The story as it is told is that the rural employment guarantee scheme, which media has always seen as a job scheme – it actually isn’t. They are actually building some infrastructure in the rural areas and actually it’s a rural poverty alleviation scheme rather than a job scheme, which is how the media has portrayed it. I think it talks about the telecom revolution from 2004-2013, I think there is a whole series of ads with focus on higher education, and there is series of ads that focus on enrolment in primary and secondary sectors, of education that is at an all-time high, there is a series focused on agriculture. We are going to be breaking all records of wheat and rice production this year. Not to mention things like oilseeds, where increases have been upto 86-88 percent, and these are the value-added crops. The government is trying to tell the story that not only are we trying to grow rice and wheat, but that their strategy was to encourage farmers to grow value-added crops and how yields have grown dramatically.

This is the kind of story that the government seeks to tell, because the media would not have it. They want to know who raped whom, and who stole from whom, and all random stuff. And I think that is the focus of this whole advertising campaign. It’s not comparable to India Shining at all because this government will have elections when they fall due.


Shashi Shekhar, Chief Digital Officer, Niti Digital

We need to draw a distinction between a campaign funded privately and a campaign funded by the government at the taxpayer’s expense. We also need to draw a distinction between “direct impact” on voters and “indirect impact” on influencers. As the Radia Tapes had revealed, a sizeable ad-spend budget can be used as leverage to exercise influence on media houses. In the present context, I would consider that more than the “direct impact” of Bharat Nirman ads on voters we need to pay more attention to the “indirect impact” resulting from the leverage the party in power is able to exercise on media houses through this sizeable “ad-spend” by the government.

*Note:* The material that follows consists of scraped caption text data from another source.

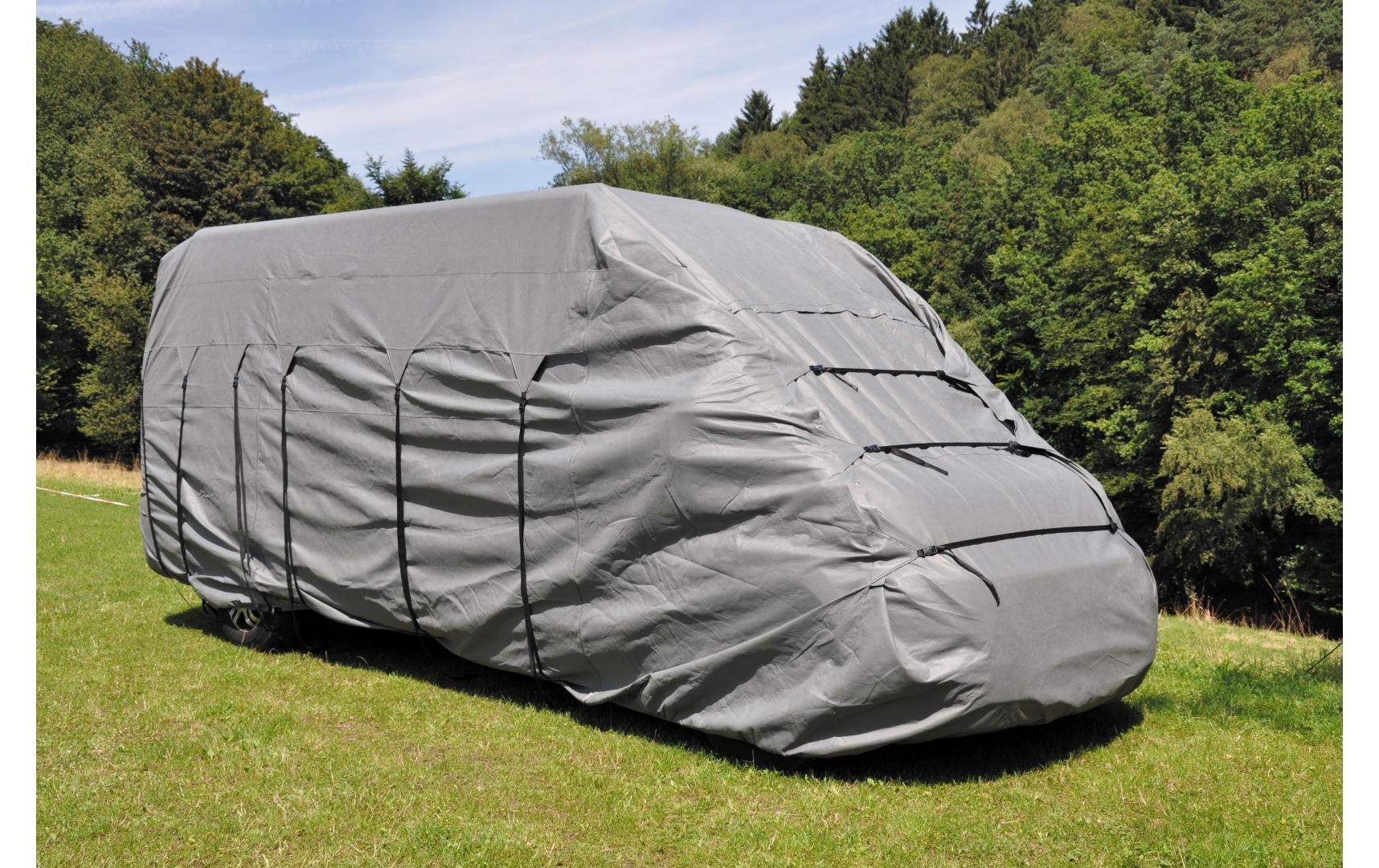 Eurotrail Schutzhülle – für Reisemobile & Caravans – 240 × 450 × 270 cm – 1 Stk. – Polyester, grau
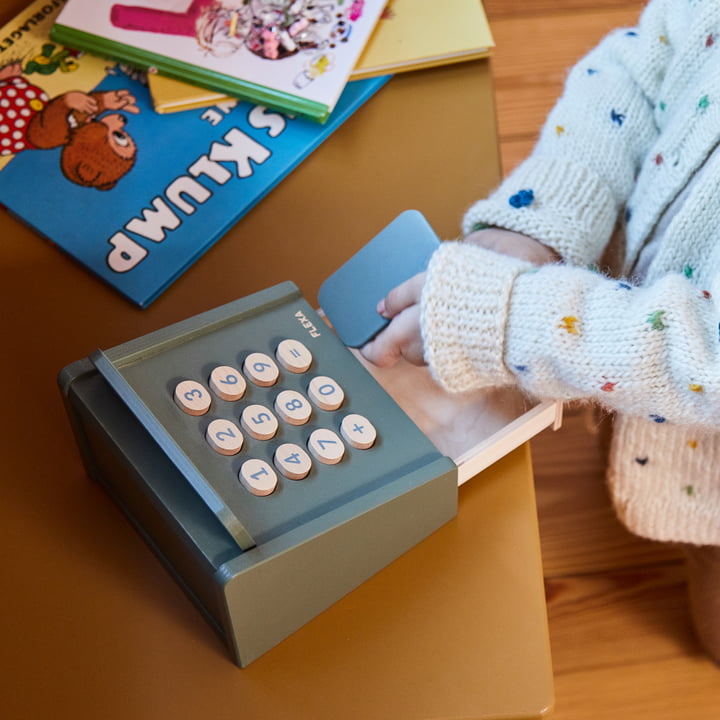 Play toy cash register from Flexa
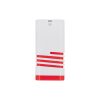 Zonnebrand delux full colour bedrukt rood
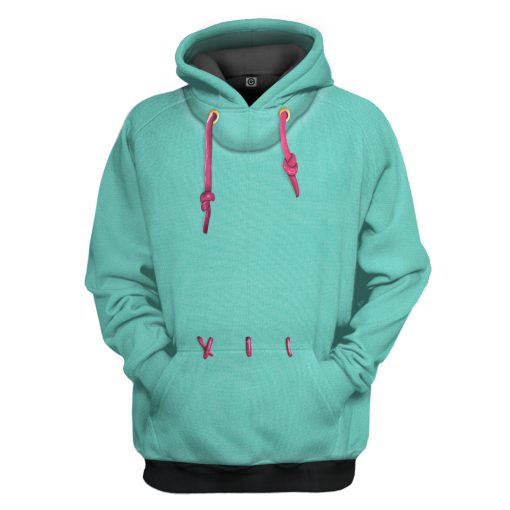 Gearhumans Gearhuman 3D Vanellope Von Schweetz Costume Custom Tshirt Hoodie Apparel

As far as “direct impact” goes I don’t believe it will be substantial as the Bharat Nirman ads are currently not targeted. As an example running a quarter-page ad in English in major English newspapers on NREGA will not fetch any incremental votes from the demographic segment to which NREGA is intended. To your question on “nationalism” and “patriotism” I think Bharat Nirman or India Shining has a zero impact on fostering either sentiment for the same reason as above – lack of targeting. The same, however, cannot be said of campaigns run by some state governments which tend to have a narrower focus and hence better targeting.

On the whole we need to move away from the direction of spending taxpayer money on what is barely concealed propaganda by the party in power. This tendency to spend taxpayer money on propaganda seems to have originated during the Indira Gandhi regime in the Emergency years. It is shame that it has become an institutionalized practice irrespective of the party in power.